In an interview this month at Summit LA17, an ‘ideas festival’ in Los Angeles, Bezos – who also owns The Washington Post and an aerospace company called Blue Origin – explained that he simply didn’t want to miss out on the possibilities of the world wide web.
He also reiterated what he said in an oft-quoted interview from a few years ago.
“I knew that when I was 80, I was not going to regret having tried this,” he said. “I was not going to regret trying to participate in this thing called the internet that I thought was going to be a really big deal. I knew that if I failed, I wouldn’t regret that.
“But I knew the one thing I might regret is not ever having tried.
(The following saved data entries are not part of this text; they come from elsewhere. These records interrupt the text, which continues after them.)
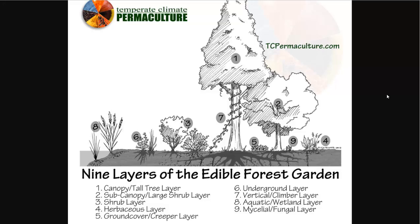Hello, Carl here with Sustainability Theory News. Today's video, we're going to be going over nine different plant lists for permaculture planting — several different websites, great resources if you're interested in planting a permaculture garden or starting a farm based on permaculture principles.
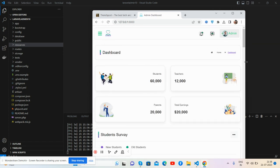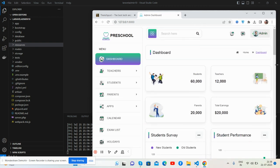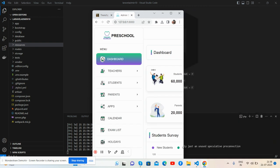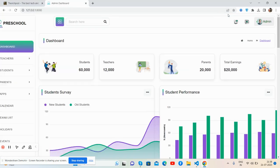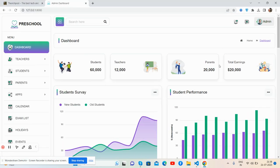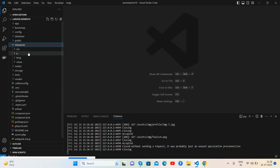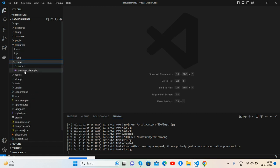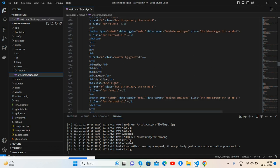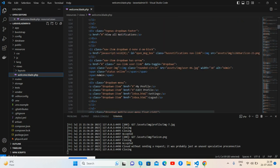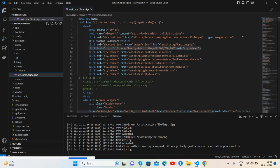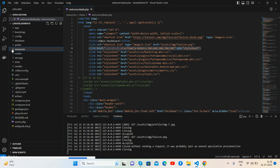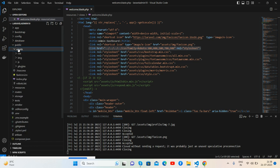This is my Laravel 10 project. All the HTML I have added inside the welcome.blade file. The main thing is I have given you the admin dashboard, so you will manage it according to your requirements. All the assets I have added inside the public folder, like the assets folder and all my assets.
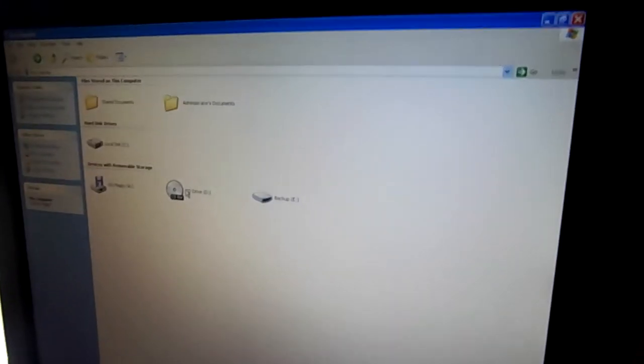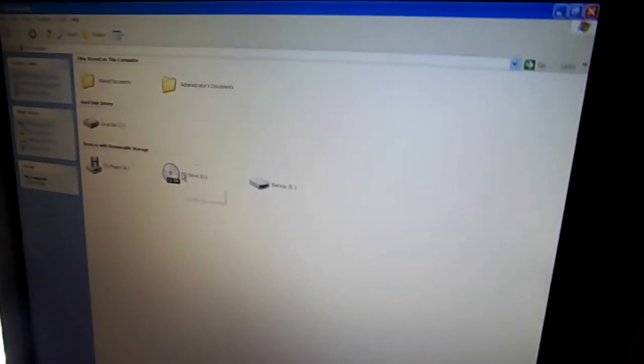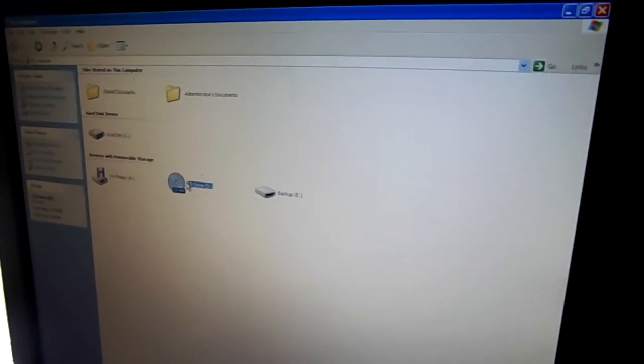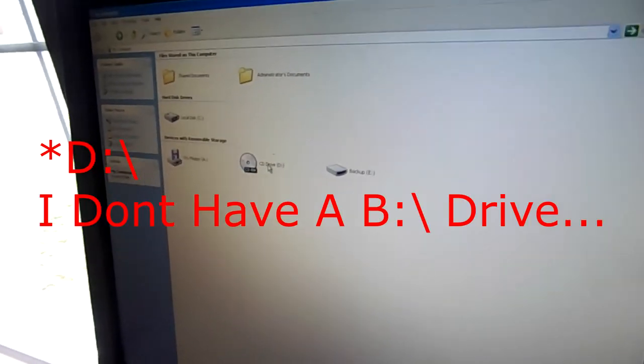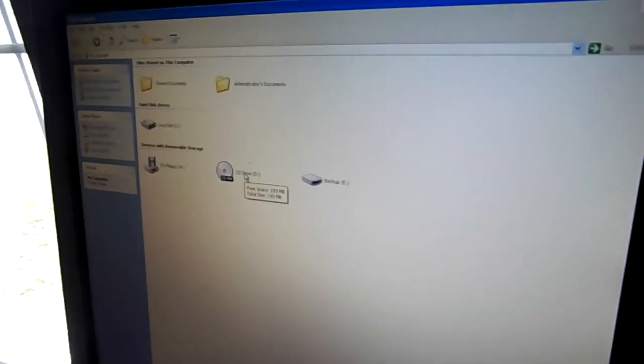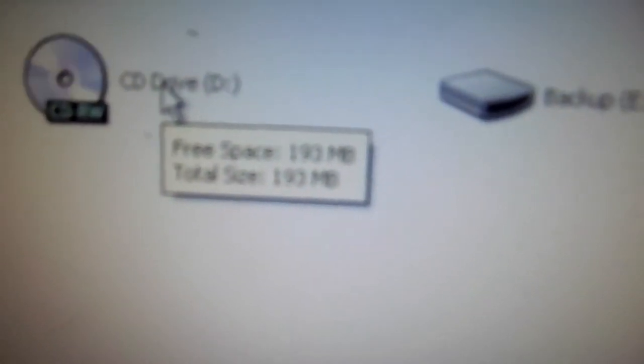So Windows is showing this up as drive D. I mean I knew that, but total free space is 193 megabytes. That might be hard to see because my camera focus is hot garbage, but as you can see the CD is...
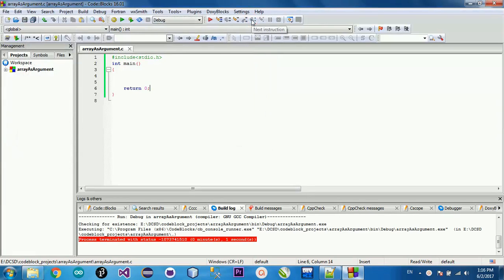Hello, ScoopZoop channel. We are going to talk about the video series of this program in Fundamentals. In this video, I am going to talk about the argument and the parameter.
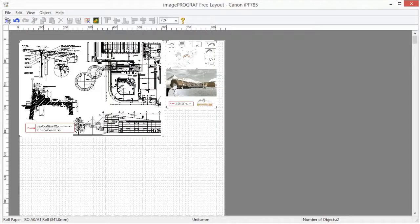The free layout main window consists of the menu and toolbars, layout area, and status bar.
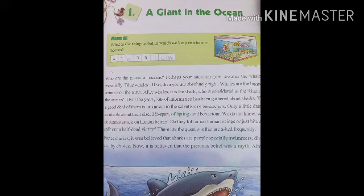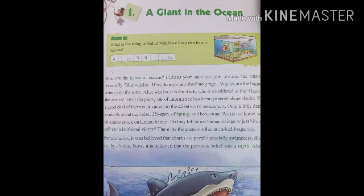Ab Hindi mein samjhate hain: pehle tenza mein question kiya gaya hai ki ocean mein sabse zyada badi cheez kaun si hai. To definitely aap bolenge blue whale — jo na sirf ocean mein balki poori earth par sabse bada jaanwar hai. Uske baad shark aata hai. Humare paas shark ke baare mein bahut saari information hai, lekin jo data hai woh bahut hi kam hai — unka size, unke bachche, unka behavior, unki age — hum bahut kam jaante hain. Hame nahi pata ki woh human beings pe attack kyon karti hain — unhe pura khaati hain ya tukde tukde karke fek deti hain. Mostly swimmers aur divers ko ye khaati hain.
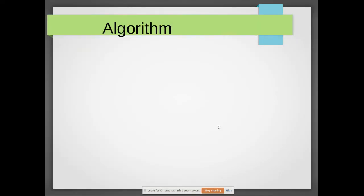In this video, what we are going to see is about the algorithm and its features: what is meant by an algorithm, where it is used, and how efficiently we can use it in order to achieve our target.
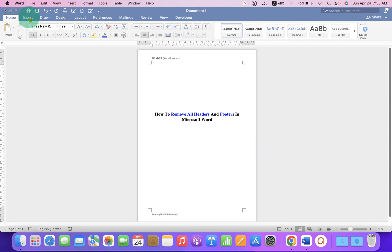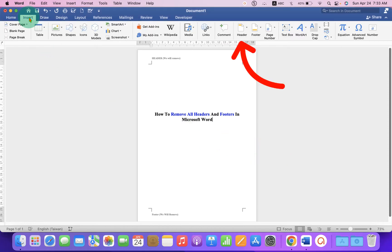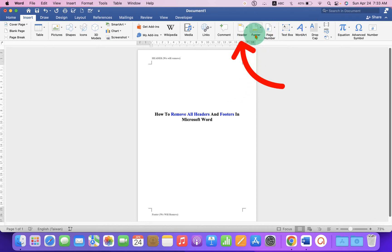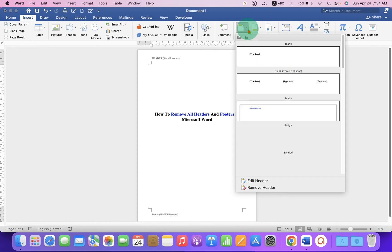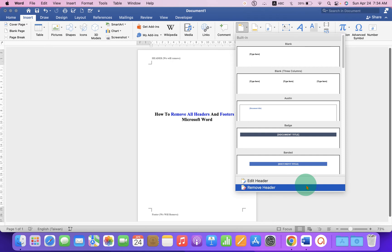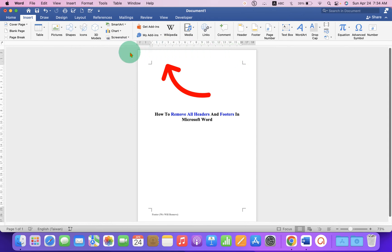First you need to click on the Insert tab. On the right-hand side, you will see two options: Header and Footer. Now let's remove the header first. Click on the drop down of the header. At the bottom, you will see two options: Edit Header and Remove Header. Just click on Remove Header, and this will remove the header from all the pages in Microsoft Word.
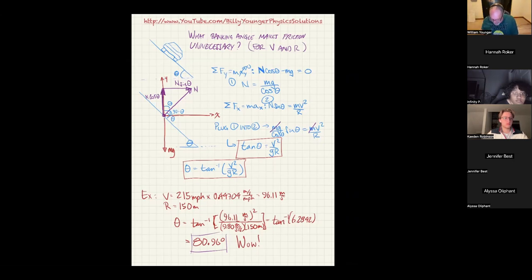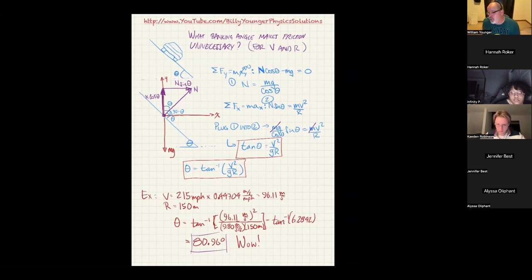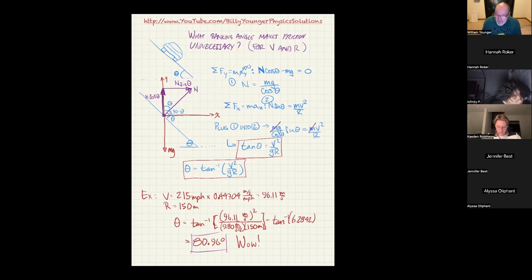Notice the implication: on a banked exit ramp, if you do exactly the speed limit, you don't need friction at all. If you go too fast, you rely on tire friction. If roads are icy, that's dangerous. Conversely, if you go too slow — say an off-ramp with a 35 mph limit and you do under 30 — there's a chance you'll slide down the incline. So the banking angle is designed for a specific speed.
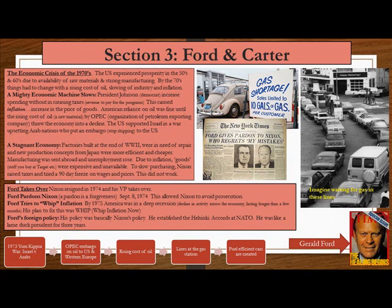Ford takes over: Nixon resigned in 1974 and his vice president took over. On September 8, 1974, Ford pardoned Nixon, allowing him to avoid prosecution. By 1975, America was in a deep recession — a decline in economic activity lasting longer than a few months. Ford's plan was to 'Whip Inflation Now.' His foreign policy was basically Nixon's policy; he established a Helsinki Accord in NATO. He was essentially a lame duck president for three years.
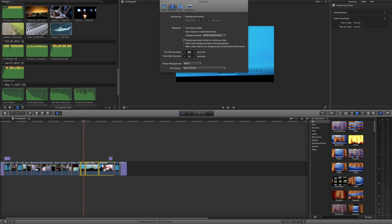Now, I personally find background rendering to be very helpful, especially on my iMac. I'm getting a lot of work done, and it's just rendering in the background. You don't have to pay attention to it.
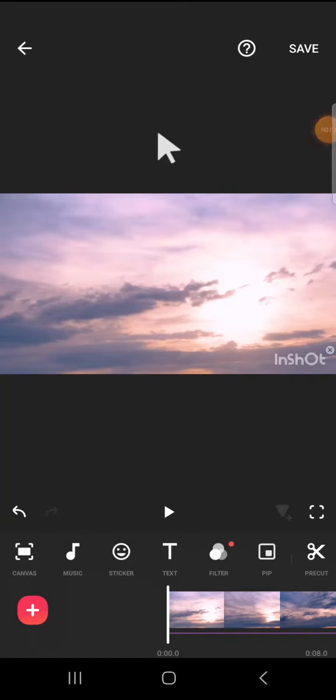Hello guys, welcome back to this channel. In today's tutorial, I'm going to show you how to add funny voice effects in InShot application. Here I have opened my InShot application in my phone.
I knew that that would haunt me every day.”
It’s all part of what Bezos calls the ‘regret minimisation framework’, which is a fancy way of saying that we only have a limited time on this planet and it’s better to take risks while we’re alive, so we don’t regret not taking them when it’s too late. Basically, he became an entrepreneur thanks to FOMO and now he’s reinvented YOLO as a business philosophy.
At Summit LA17, Bezos also said something about how he believes everyone has two options for creating their ‘life story’: to go for a life of ‘ease and comfort’, or one of ‘service and adventure’.
Bezos reckons he’s someone who opted for the latter and, to be fair on him, it definitely worked out – according to Oxfam he’s predicted to become the world’s first trillionaire in the next 25 years.
CNBC has also reported that before that he’ll become the world’s first ’12-digit man’ worth a staggering $100 billion. An amount so big I can’t even begin to fathom it.
Of course, it’s not all about money, and making truckloads of it probably shouldn’t be the main motivation for anything, but it’s hard to deny that Bezos has done himself proud.